• [What needs to be done]
Take the lines from the line containing "Reformas Religiosas - Luterana, Calvinista, Anglicana" through the end of the entries and output them exactly, with no pictures and nothing more.

• [Information shown]
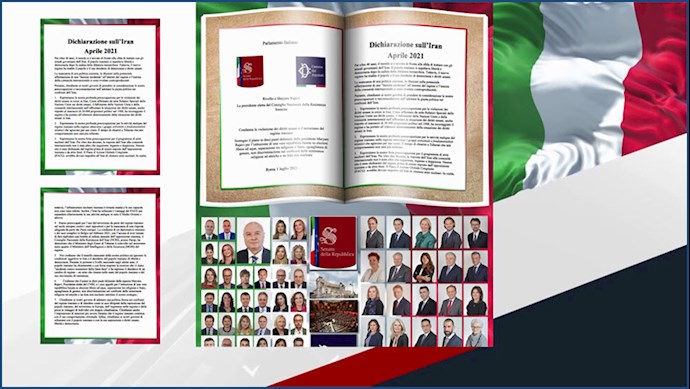 بیانیهٔ ۶۱عضو سنا و پارلمان ایتالیا در آستانه گردهمایی جهانی ایران آزاد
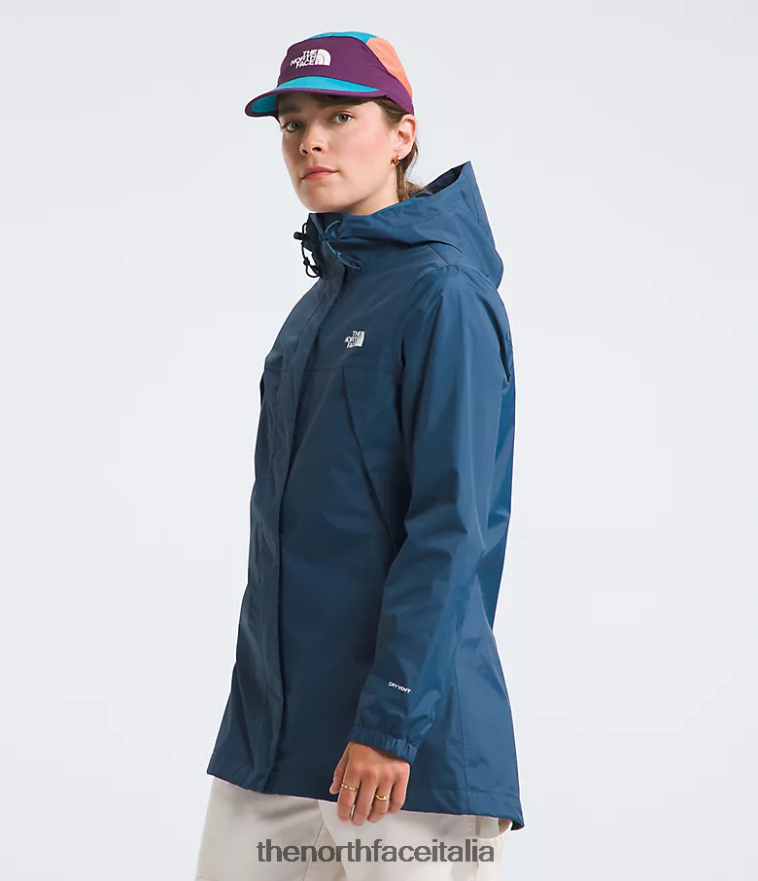 The North Face vestiario 460N8D49 blu ombroso donne parka antora
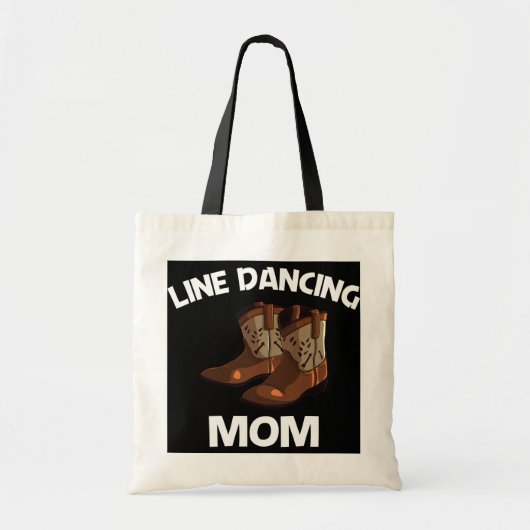 Funny Line Tanz Geschenk Mama Frauen Country Line Tragetasche (Vorne)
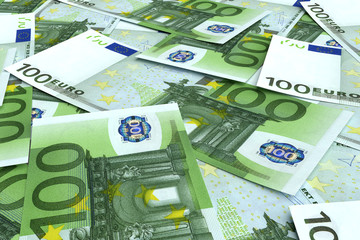 Money background from many Euro
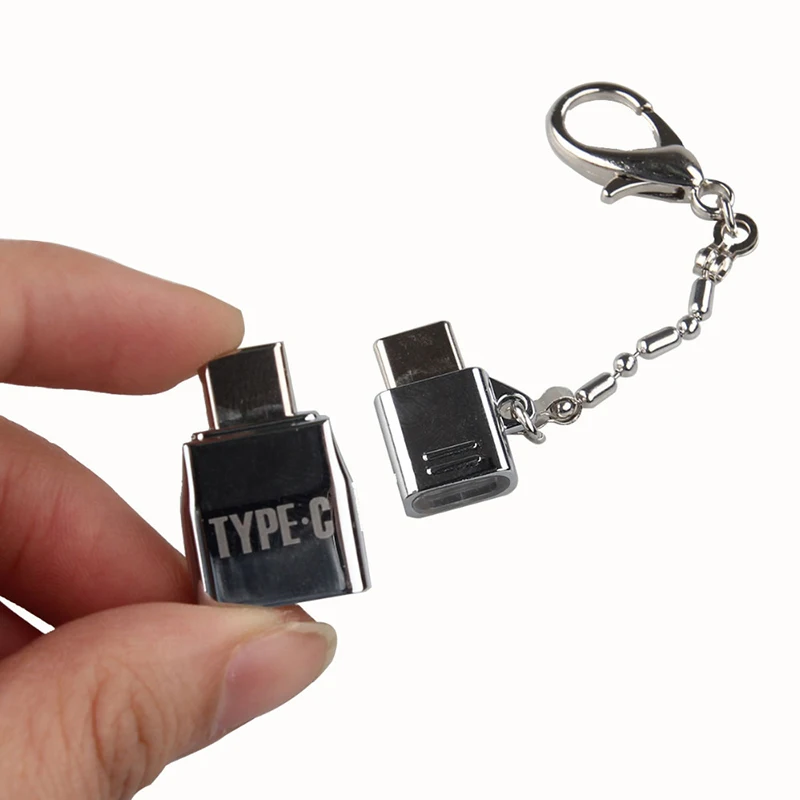 Мини-Сплиттер посылка type-C Jack к Micro адаптеру type C USB-C OTG конвертер применим к Android Аксессуары для мобильных телефонов
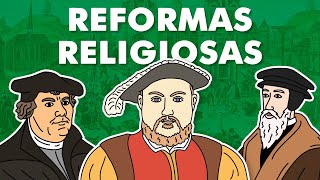 Reformas Religiosas - Luterana, Calvinista, Anglicana e Contrarreforma
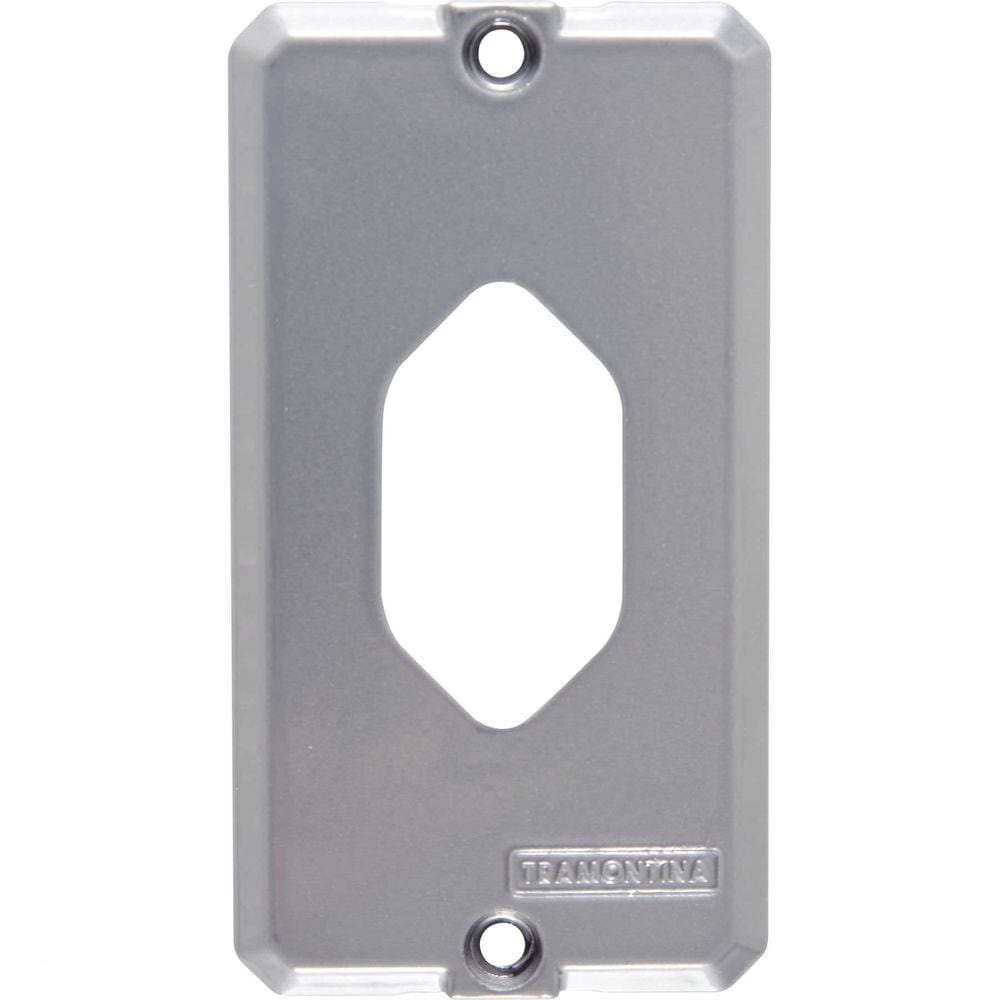 Tampa para condulete 1/2" e 3/4" com 1 posto vertical Tramontina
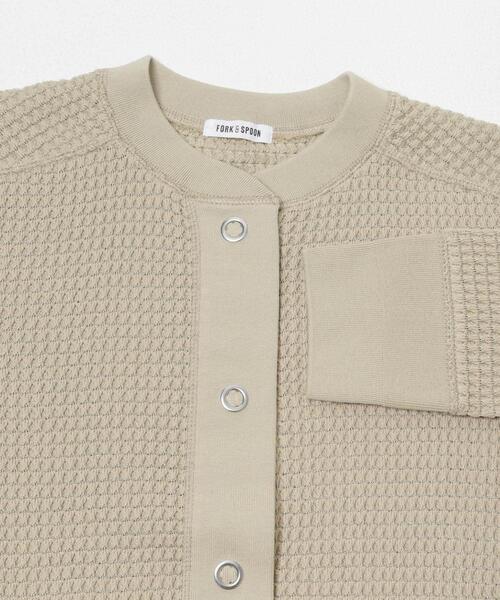 FORK&SPOON（フォークアンドスプーン）の「FORK&SPOON　ワッフルカーディガン（カーディガン/ボレロ・レディース・ベージュ/ミント/ネイビー・1）」の22枚目の写真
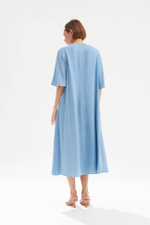 51747 Платье женское (голубой джинс)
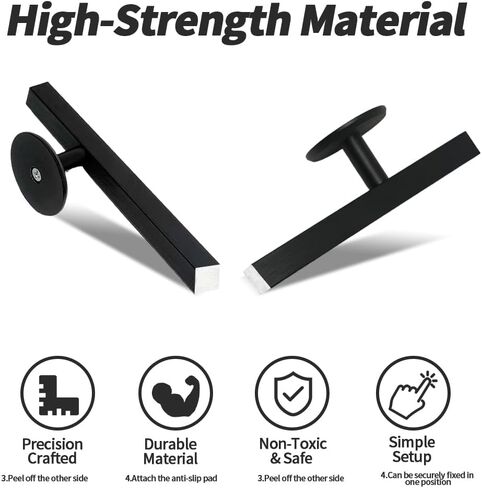 10" Fingerboard Rail – Aluminum Alloy Obstacle with Stabilizing Discs & Non-Slip Base for DIY Skateparks, Cityscapes & Mini Ramp Builders (Black) in Kuwait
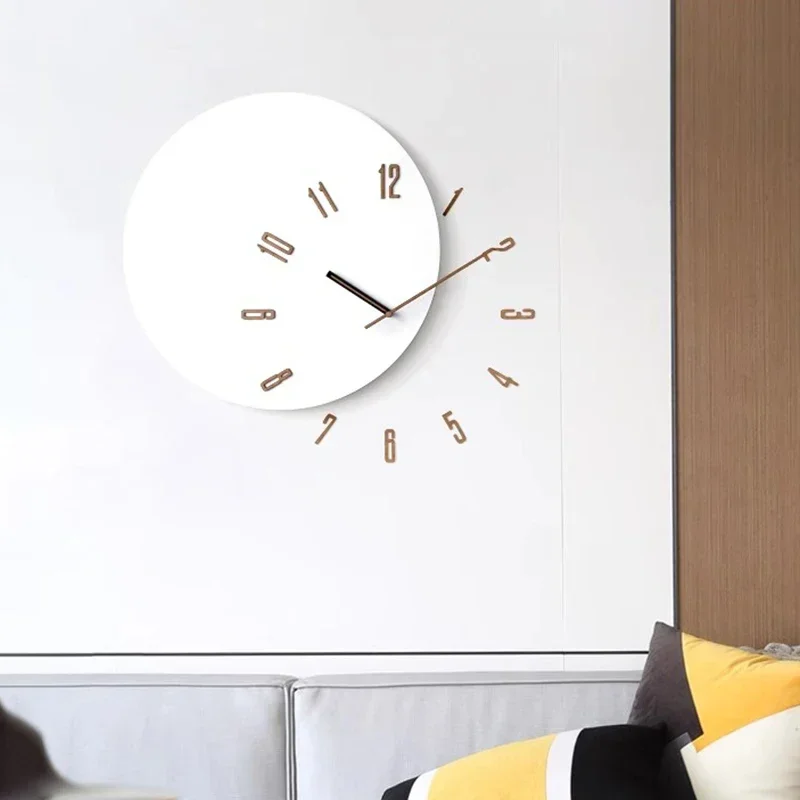 Minimalist Wall Clocks Nordic Modern Luxury Clocks Household Creative Silent Clock Elegant Aesthetic Design Home Decoration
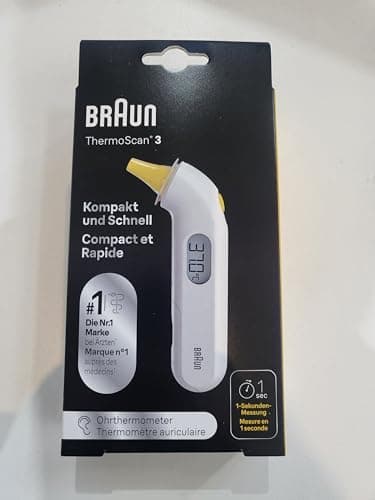 Braun ThermoScan 3 Infrarot Ohrthermometer IRT3030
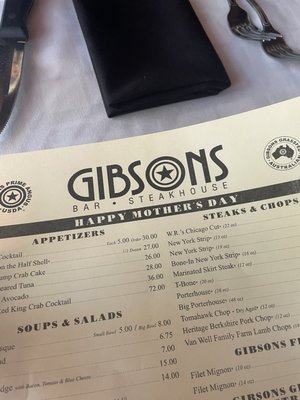 Menu photo 5 Gibsons Bar & Steakhouse Rosemont, IL Menu photo 5 Gibsons Bar & Steakhouse Rosemont, IL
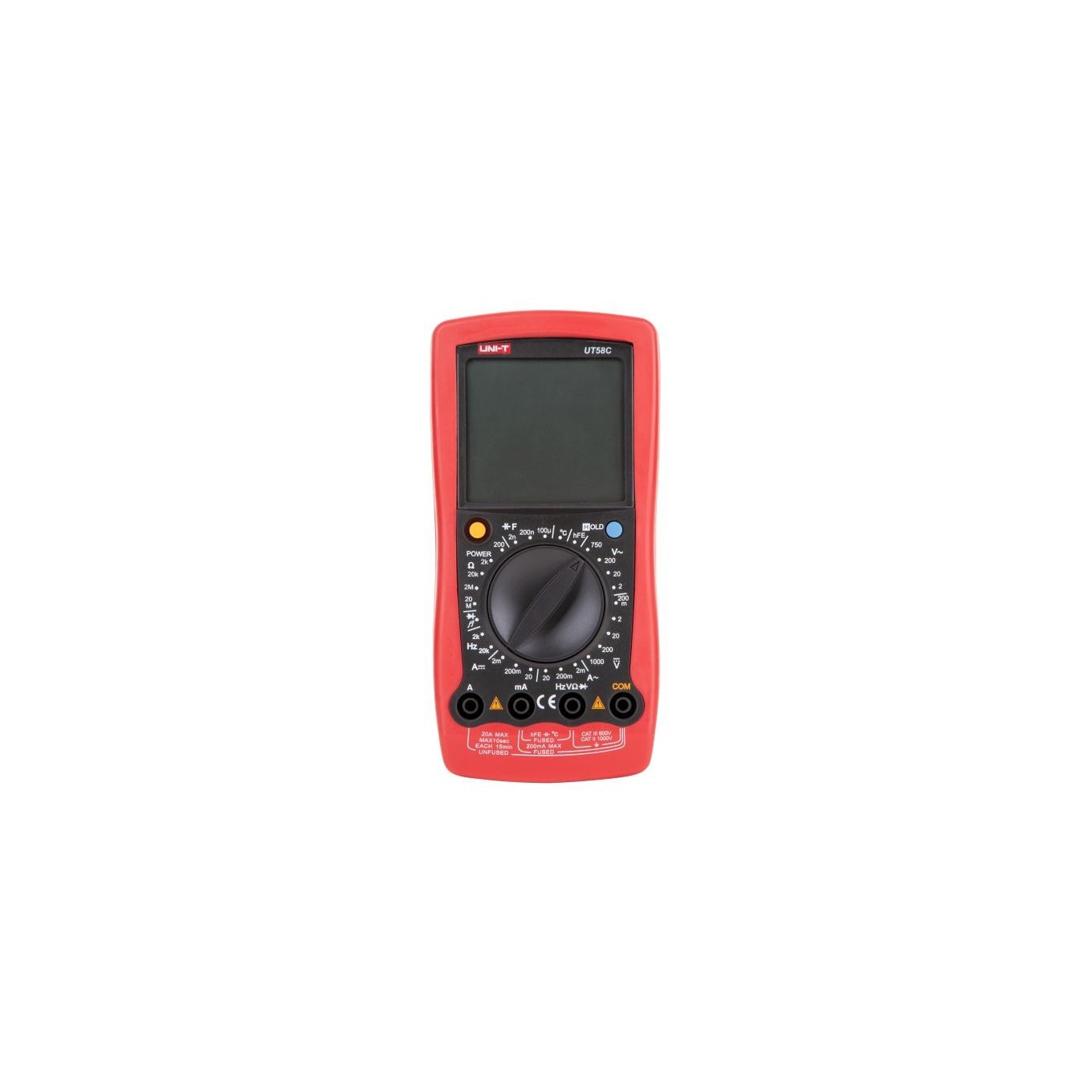 Uni-T Chiaro/Chiara Multimetro, Multimetro Universale Ut58c (Multimetro Portatile) - Immagine 2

• [Worked solution]
 Reformas Religiosas - Luterana, Calvinista, Anglicana e Contrarreforma
 Tampa para condulete 1/2" e 3/4" com 1 posto vertical Tramontina
 FORK&SPOON（フォークアンドスプーン）の「FORK&SPOON　ワッフルカーディガン（カーディガン/ボレロ・レディース・ベージュ/ミント/ネイビー・1）」の22枚目の写真
 51747 Платье женское (голубой джинс)
 10" Fingerboard Rail – Aluminum Alloy Obstacle with Stabilizing Discs & Non-Slip Base for DIY Skateparks, Cityscapes & Mini Ramp Builders (Black) in Kuwait
 Minimalist Wall Clocks Nordic Modern Luxury Clocks Household Creative Silent Clock Elegant Aesthetic Design Home Decoration
 Braun ThermoScan 3 Infrarot Ohrthermometer IRT3030
 Menu photo 5 Gibsons Bar & Steakhouse Rosemont, IL Menu photo 5 Gibsons Bar & Steakhouse Rosemont, IL
 Uni-T Chiaro/Chiara Multimetro, Multimetro Universale Ut58c (Multimetro Portatile) - Immagine 2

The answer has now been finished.